Wednesday, January 13, 2010

Empire Builders vs the Love of Christ

Can you imagine giving the eulogy at a funeral and starting out by saying “before I tell you about God’s grace, let me make it clear that little Johnny deserved to die because he stole candy from a store”?

My old friend Izzy is always posting some great links to stuff he finds on the web. Today, he pointed out Donald Miller's response to some ridiculous things that Pat Robertson recently said. The short version is this: With the death toll into the tens of thousands after the earthquake in Haiti, Pat Robertson managed to say that Haiti was "cursed" after an old "pact with the devil."

Sadly, a number of people might be under the impression that talking heads like Pat Robertson represent the feelings of most Christians (or even the feelings of most conservatives). Most Christians, however, think the idea is absurd that their feelings might be represented by people like Pat Robertson.

One problem with our 24/7 media-and-Internet driven society is that to stand out as a "leader" (or megapastor or author or CNN talking head), you've got to occasionally say some ridiculous things just to get in the headlines. Everything has to be extreme in one direction. Like, for instance, blaming the devastation in New Orleans following Hurricane Katrina on the debauchery that took place in that town.

From Miller's blog post:
    "These people are often, themselves, controlling. They are wired to build empires, and in order to build empires you have to get people to do what you say, and if you have God standing behind you threatening hurt and pain, you can motivate people. I’ve heard pastors pray and call other men cowards, get angry from the pulpit, yell, belittle other Christian pastors who don’t agree with them, fire people who will not submit to them, surround themselves with yes men and so on. Sadly, they never point the finger at themselves."
But this isn't how God's empire operates. God's empire is about compassion, service, and loving your enemy. It's about feeding the hungry, healing the sick, and inviting the stranger into your home. It's about following the example of Jesus -- who was willing to lay down his life. (And who also only seemed to raise his voice at the religious leaders of his day.)

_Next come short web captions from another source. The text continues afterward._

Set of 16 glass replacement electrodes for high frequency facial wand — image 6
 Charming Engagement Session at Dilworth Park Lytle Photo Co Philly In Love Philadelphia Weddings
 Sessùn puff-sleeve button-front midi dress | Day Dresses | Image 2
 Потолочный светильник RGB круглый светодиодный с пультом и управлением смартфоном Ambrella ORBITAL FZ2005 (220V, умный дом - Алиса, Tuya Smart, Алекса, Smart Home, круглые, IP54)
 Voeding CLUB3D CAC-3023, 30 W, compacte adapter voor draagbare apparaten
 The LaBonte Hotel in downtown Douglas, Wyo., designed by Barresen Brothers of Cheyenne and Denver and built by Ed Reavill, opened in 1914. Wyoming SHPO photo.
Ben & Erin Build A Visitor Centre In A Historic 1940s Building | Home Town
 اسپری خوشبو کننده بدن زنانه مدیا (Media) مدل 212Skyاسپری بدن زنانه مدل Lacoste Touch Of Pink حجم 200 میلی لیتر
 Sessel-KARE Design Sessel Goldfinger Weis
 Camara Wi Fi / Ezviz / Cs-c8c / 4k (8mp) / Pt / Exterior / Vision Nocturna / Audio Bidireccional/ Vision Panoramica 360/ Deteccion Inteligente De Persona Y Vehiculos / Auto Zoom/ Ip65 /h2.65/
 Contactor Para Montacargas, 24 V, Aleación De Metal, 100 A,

I can only imagine that it's hard to be a famed "church leader" in this day and age. This isn't about Pat Robertson. We've got thousands of Christian leaders, from the megapastors and authors down to the guys leading small Midwestern churches. If you have the kind of charisma and drive it takes to get lots of people to follow you, it's quite possible you also have the pride and controlling personality that seems to often go along with it.

This new empire, the Kingdom of God, isn't built on the backs of millionaire authors and pastors in three-piece suits. It's a power-under kingdom, a kingdom that thrives when we love each other as Jesus loved, and serve the people that have no one to look after them.

"For I was hungry and you gave me something to eat, I was thirsty and you gave me something to drink, I was a stranger and you invited me in."